WHAT IS REQUIRED
Please return the data word for word and leave out any picture it contains.

(Captioned web image data)
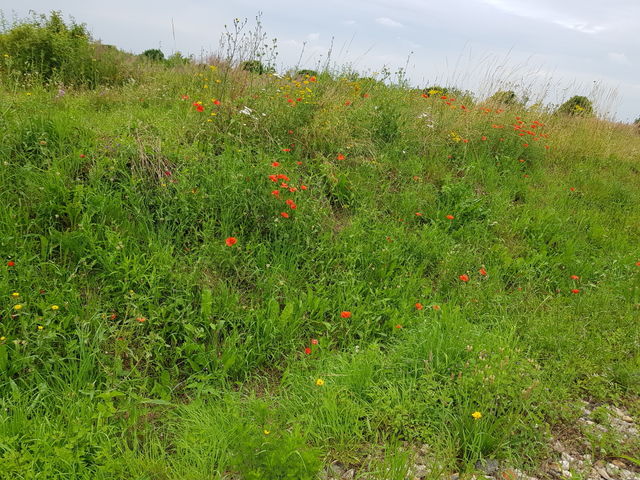 poppy fields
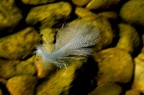 scorrevolmente-macropanning scorrevolmente-macropanning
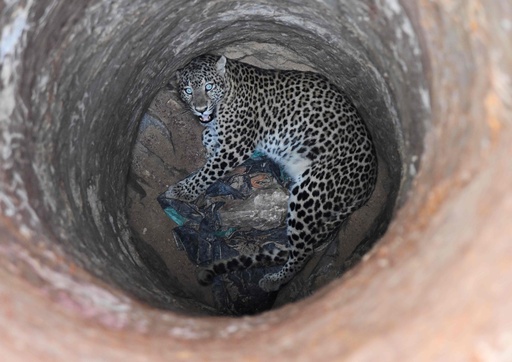 乾いた井戸からヒョウ救出 インドの住宅地 写真4枚 国際ニュース Afpbb News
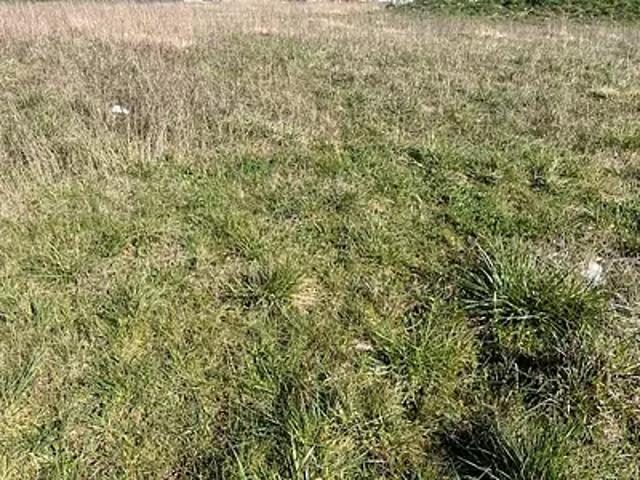 Rouillac 16170 Programme neuf maison neuf à vendre 2 pièces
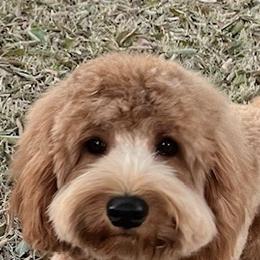 Maja - Australian Labradoodle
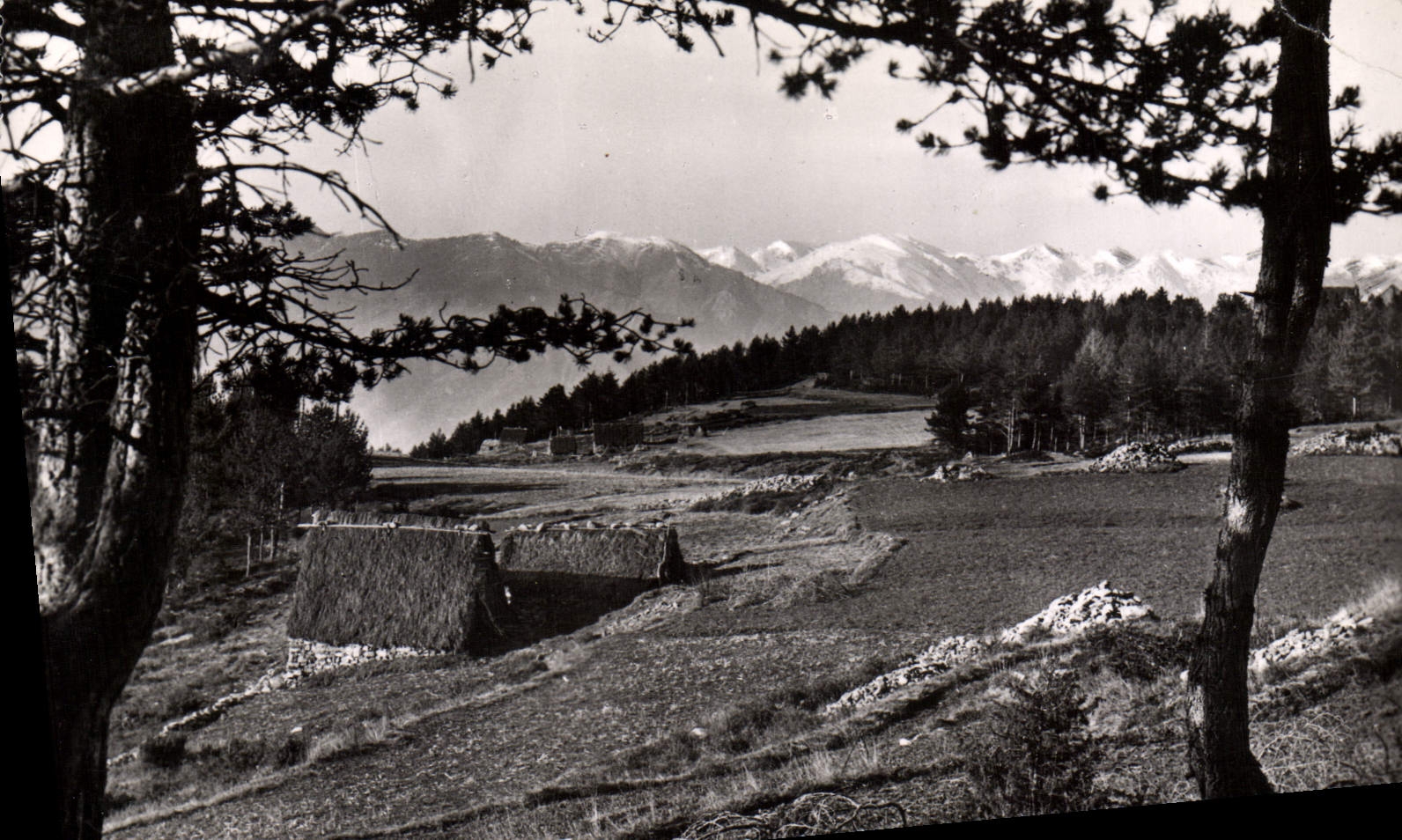 CPA Peira Cava Vue sur les Alpes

OUTPUT FOR THIS EXERCISE
 poppy fields
 scorrevolmente-macropanning scorrevolmente-macropanning
 乾いた井戸からヒョウ救出 インドの住宅地 写真4枚 国際ニュース Afpbb News
 Rouillac 16170 Programme neuf maison neuf à vendre 2 pièces
 Maja - Australian Labradoodle
 CPA Peira Cava Vue sur les Alpes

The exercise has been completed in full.